The records below need to be printed in full. Keep each one exact.

==================================================

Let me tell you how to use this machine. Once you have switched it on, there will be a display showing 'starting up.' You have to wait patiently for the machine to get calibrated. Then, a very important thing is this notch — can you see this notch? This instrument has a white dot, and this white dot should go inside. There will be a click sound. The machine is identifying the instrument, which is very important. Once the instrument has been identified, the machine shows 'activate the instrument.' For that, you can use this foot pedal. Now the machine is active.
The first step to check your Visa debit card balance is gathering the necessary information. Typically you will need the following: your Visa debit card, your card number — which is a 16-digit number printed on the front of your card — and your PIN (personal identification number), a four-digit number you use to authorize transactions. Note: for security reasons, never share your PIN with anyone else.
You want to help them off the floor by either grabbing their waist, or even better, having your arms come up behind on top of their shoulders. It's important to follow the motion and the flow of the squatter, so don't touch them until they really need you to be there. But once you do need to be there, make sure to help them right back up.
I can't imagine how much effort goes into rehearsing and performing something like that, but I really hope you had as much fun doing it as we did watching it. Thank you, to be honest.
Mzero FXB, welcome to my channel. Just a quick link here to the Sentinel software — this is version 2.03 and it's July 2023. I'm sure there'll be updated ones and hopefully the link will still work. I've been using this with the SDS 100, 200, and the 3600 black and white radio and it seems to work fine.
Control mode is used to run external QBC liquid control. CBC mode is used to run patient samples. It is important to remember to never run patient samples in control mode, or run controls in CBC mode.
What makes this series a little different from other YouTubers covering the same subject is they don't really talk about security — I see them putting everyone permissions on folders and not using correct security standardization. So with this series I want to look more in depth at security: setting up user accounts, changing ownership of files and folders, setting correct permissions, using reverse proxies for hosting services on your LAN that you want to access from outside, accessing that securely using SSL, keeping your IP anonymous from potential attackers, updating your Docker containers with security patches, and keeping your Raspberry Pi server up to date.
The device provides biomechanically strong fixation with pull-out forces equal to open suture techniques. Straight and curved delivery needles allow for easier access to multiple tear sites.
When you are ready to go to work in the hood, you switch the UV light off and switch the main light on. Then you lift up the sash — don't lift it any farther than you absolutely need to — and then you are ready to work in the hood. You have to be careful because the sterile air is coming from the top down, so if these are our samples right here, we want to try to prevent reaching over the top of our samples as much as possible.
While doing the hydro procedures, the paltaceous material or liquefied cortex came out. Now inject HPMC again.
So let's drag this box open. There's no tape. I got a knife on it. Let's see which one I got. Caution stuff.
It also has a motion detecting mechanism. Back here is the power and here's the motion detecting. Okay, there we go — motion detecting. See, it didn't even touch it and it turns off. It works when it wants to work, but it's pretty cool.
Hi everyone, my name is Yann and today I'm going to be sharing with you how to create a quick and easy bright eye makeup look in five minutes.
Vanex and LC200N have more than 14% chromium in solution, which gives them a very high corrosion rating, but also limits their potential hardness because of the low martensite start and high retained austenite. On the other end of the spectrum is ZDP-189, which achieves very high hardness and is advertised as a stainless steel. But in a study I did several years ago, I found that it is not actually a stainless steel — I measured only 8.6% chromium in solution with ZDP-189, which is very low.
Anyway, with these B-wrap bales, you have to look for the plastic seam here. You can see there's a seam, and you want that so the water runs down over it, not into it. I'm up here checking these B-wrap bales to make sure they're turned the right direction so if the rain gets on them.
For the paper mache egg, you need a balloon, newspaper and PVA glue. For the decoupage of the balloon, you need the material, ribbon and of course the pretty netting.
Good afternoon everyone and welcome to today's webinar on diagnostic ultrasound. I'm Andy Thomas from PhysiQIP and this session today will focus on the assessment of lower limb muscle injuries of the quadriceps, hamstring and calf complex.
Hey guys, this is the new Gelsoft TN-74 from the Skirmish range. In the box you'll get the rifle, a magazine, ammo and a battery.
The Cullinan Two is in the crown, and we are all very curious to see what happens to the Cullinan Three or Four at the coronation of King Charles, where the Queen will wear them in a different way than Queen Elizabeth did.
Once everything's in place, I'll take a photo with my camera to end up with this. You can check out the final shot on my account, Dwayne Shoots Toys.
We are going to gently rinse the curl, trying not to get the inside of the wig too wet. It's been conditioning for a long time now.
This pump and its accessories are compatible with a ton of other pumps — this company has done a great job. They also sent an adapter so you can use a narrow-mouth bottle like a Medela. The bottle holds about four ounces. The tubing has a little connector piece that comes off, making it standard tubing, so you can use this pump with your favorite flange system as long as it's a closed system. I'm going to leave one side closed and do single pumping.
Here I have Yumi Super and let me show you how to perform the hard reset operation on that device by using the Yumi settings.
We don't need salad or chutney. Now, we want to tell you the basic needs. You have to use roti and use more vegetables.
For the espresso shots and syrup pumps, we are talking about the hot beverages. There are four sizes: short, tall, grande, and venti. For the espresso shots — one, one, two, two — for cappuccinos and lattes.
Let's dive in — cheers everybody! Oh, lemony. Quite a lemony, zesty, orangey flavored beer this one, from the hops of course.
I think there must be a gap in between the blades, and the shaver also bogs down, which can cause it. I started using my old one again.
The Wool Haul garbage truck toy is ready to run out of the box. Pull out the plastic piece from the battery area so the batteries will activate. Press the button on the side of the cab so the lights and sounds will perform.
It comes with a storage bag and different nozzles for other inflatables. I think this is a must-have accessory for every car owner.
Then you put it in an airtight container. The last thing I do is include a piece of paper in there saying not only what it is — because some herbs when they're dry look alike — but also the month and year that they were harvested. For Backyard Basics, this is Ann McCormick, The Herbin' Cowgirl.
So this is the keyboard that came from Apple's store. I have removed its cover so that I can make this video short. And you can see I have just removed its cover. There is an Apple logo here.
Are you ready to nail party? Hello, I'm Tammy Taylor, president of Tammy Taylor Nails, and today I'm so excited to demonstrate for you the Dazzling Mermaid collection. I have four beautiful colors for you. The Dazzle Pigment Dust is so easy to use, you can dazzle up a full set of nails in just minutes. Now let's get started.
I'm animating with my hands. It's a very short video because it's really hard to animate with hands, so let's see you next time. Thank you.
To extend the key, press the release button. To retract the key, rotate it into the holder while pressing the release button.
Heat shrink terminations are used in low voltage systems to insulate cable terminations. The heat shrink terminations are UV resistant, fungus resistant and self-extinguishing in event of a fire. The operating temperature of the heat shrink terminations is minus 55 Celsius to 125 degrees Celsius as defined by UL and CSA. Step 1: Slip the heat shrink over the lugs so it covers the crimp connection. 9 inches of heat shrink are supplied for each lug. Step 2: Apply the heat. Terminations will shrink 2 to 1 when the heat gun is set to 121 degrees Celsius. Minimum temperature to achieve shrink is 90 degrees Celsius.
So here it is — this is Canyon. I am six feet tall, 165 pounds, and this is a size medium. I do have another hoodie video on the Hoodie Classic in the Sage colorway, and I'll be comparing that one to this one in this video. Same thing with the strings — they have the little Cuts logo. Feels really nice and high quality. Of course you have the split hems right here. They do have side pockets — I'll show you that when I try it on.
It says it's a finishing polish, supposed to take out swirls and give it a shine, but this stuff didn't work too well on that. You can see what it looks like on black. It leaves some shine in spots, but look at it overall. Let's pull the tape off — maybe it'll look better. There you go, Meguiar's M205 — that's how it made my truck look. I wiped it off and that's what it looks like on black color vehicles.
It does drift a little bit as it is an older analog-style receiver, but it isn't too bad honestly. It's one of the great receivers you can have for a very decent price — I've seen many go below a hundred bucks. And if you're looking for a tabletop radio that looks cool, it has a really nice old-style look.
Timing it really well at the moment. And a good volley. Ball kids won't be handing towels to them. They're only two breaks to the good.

==================================================

_Exercise solution_
Let me tell you how to use this machine. Once you have switched it on, there will be a display showing 'starting up.' You have to wait patiently for the machine to get calibrated. Then, a very important thing is this notch — can you see this notch? This instrument has a white dot, and this white dot should go inside. There will be a click sound. The machine is identifying the instrument, which is very important. Once the instrument has been identified, the machine shows 'activate the instrument.' For that, you can use this foot pedal. Now the machine is active.
The first step to check your Visa debit card balance is gathering the necessary information. Typically you will need the following: your Visa debit card, your card number — which is a 16-digit number printed on the front of your card — and your PIN (personal identification number), a four-digit number you use to authorize transactions. Note: for security reasons, never share your PIN with anyone else.
You want to help them off the floor by either grabbing their waist, or even better, having your arms come up behind on top of their shoulders. It's important to follow the motion and the flow of the squatter, so don't touch them until they really need you to be there. But once you do need to be there, make sure to help them right back up.
I can't imagine how much effort goes into rehearsing and performing something like that, but I really hope you had as much fun doing it as we did watching it. Thank you, to be honest.
Mzero FXB, welcome to my channel. Just a quick link here to the Sentinel software — this is version 2.03 and it's July 2023. I'm sure there'll be updated ones and hopefully the link will still work. I've been using this with the SDS 100, 200, and the 3600 black and white radio and it seems to work fine.
Control mode is used to run external QBC liquid control. CBC mode is used to run patient samples. It is important to remember to never run patient samples in control mode, or run controls in CBC mode.
What makes this series a little different from other YouTubers covering the same subject is they don't really talk about security — I see them putting everyone permissions on folders and not using correct security standardization. So with this series I want to look more in depth at security: setting up user accounts, changing ownership of files and folders, setting correct permissions, using reverse proxies for hosting services on your LAN that you want to access from outside, accessing that securely using SSL, keeping your IP anonymous from potential attackers, updating your Docker containers with security patches, and keeping your Raspberry Pi server up to date.
The device provides biomechanically strong fixation with pull-out forces equal to open suture techniques. Straight and curved delivery needles allow for easier access to multiple tear sites.
When you are ready to go to work in the hood, you switch the UV light off and switch the main light on. Then you lift up the sash — don't lift it any farther than you absolutely need to — and then you are ready to work in the hood. You have to be careful because the sterile air is coming from the top down, so if these are our samples right here, we want to try to prevent reaching over the top of our samples as much as possible.
While doing the hydro procedures, the paltaceous material or liquefied cortex came out. Now inject HPMC again.
So let's drag this box open. There's no tape. I got a knife on it. Let's see which one I got. Caution stuff.
It also has a motion detecting mechanism. Back here is the power and here's the motion detecting. Okay, there we go — motion detecting. See, it didn't even touch it and it turns off. It works when it wants to work, but it's pretty cool.
Hi everyone, my name is Yann and today I'm going to be sharing with you how to create a quick and easy bright eye makeup look in five minutes.
Vanex and LC200N have more than 14% chromium in solution, which gives them a very high corrosion rating, but also limits their potential hardness because of the low martensite start and high retained austenite. On the other end of the spectrum is ZDP-189, which achieves very high hardness and is advertised as a stainless steel. But in a study I did several years ago, I found that it is not actually a stainless steel — I measured only 8.6% chromium in solution with ZDP-189, which is very low.
Anyway, with these B-wrap bales, you have to look for the plastic seam here. You can see there's a seam, and you want that so the water runs down over it, not into it. I'm up here checking these B-wrap bales to make sure they're turned the right direction so if the rain gets on them.
For the paper mache egg, you need a balloon, newspaper and PVA glue. For the decoupage of the balloon, you need the material, ribbon and of course the pretty netting.
Good afternoon everyone and welcome to today's webinar on diagnostic ultrasound. I'm Andy Thomas from PhysiQIP and this session today will focus on the assessment of lower limb muscle injuries of the quadriceps, hamstring and calf complex.
Hey guys, this is the new Gelsoft TN-74 from the Skirmish range. In the box you'll get the rifle, a magazine, ammo and a battery.
The Cullinan Two is in the crown, and we are all very curious to see what happens to the Cullinan Three or Four at the coronation of King Charles, where the Queen will wear them in a different way than Queen Elizabeth did.
Once everything's in place, I'll take a photo with my camera to end up with this. You can check out the final shot on my account, Dwayne Shoots Toys.
We are going to gently rinse the curl, trying not to get the inside of the wig too wet. It's been conditioning for a long time now.
This pump and its accessories are compatible with a ton of other pumps — this company has done a great job. They also sent an adapter so you can use a narrow-mouth bottle like a Medela. The bottle holds about four ounces. The tubing has a little connector piece that comes off, making it standard tubing, so you can use this pump with your favorite flange system as long as it's a closed system. I'm going to leave one side closed and do single pumping.
Here I have Yumi Super and let me show you how to perform the hard reset operation on that device by using the Yumi settings.
We don't need salad or chutney. Now, we want to tell you the basic needs. You have to use roti and use more vegetables.
For the espresso shots and syrup pumps, we are talking about the hot beverages. There are four sizes: short, tall, grande, and venti. For the espresso shots — one, one, two, two — for cappuccinos and lattes.
Let's dive in — cheers everybody! Oh, lemony. Quite a lemony, zesty, orangey flavored beer this one, from the hops of course.
I think there must be a gap in between the blades, and the shaver also bogs down, which can cause it. I started using my old one again.
The Wool Haul garbage truck toy is ready to run out of the box. Pull out the plastic piece from the battery area so the batteries will activate. Press the button on the side of the cab so the lights and sounds will perform.
It comes with a storage bag and different nozzles for other inflatables. I think this is a must-have accessory for every car owner.
Then you put it in an airtight container. The last thing I do is include a piece of paper in there saying not only what it is — because some herbs when they're dry look alike — but also the month and year that they were harvested. For Backyard Basics, this is Ann McCormick, The Herbin' Cowgirl.
So this is the keyboard that came from Apple's store. I have removed its cover so that I can make this video short. And you can see I have just removed its cover. There is an Apple logo here.
Are you ready to nail party? Hello, I'm Tammy Taylor, president of Tammy Taylor Nails, and today I'm so excited to demonstrate for you the Dazzling Mermaid collection. I have four beautiful colors for you. The Dazzle Pigment Dust is so easy to use, you can dazzle up a full set of nails in just minutes. Now let's get started.
I'm animating with my hands. It's a very short video because it's really hard to animate with hands, so let's see you next time. Thank you.
To extend the key, press the release button. To retract the key, rotate it into the holder while pressing the release button.
Heat shrink terminations are used in low voltage systems to insulate cable terminations. The heat shrink terminations are UV resistant, fungus resistant and self-extinguishing in event of a fire. The operating temperature of the heat shrink terminations is minus 55 Celsius to 125 degrees Celsius as defined by UL and CSA. Step 1: Slip the heat shrink over the lugs so it covers the crimp connection. 9 inches of heat shrink are supplied for each lug. Step 2: Apply the heat. Terminations will shrink 2 to 1 when the heat gun is set to 121 degrees Celsius. Minimum temperature to achieve shrink is 90 degrees Celsius.
So here it is — this is Canyon. I am six feet tall, 165 pounds, and this is a size medium. I do have another hoodie video on the Hoodie Classic in the Sage colorway, and I'll be comparing that one to this one in this video. Same thing with the strings — they have the little Cuts logo. Feels really nice and high quality. Of course you have the split hems right here. They do have side pockets — I'll show you that when I try it on.
It says it's a finishing polish, supposed to take out swirls and give it a shine, but this stuff didn't work too well on that. You can see what it looks like on black. It leaves some shine in spots, but look at it overall. Let's pull the tape off — maybe it'll look better. There you go, Meguiar's M205 — that's how it made my truck look. I wiped it off and that's what it looks like on black color vehicles.
It does drift a little bit as it is an older analog-style receiver, but it isn't too bad honestly. It's one of the great receivers you can have for a very decent price — I've seen many go below a hundred bucks. And if you're looking for a tabletop radio that looks cool, it has a really nice old-style look.
Timing it really well at the moment. And a good volley. Ball kids won't be handing towels to them. They're only two breaks to the good.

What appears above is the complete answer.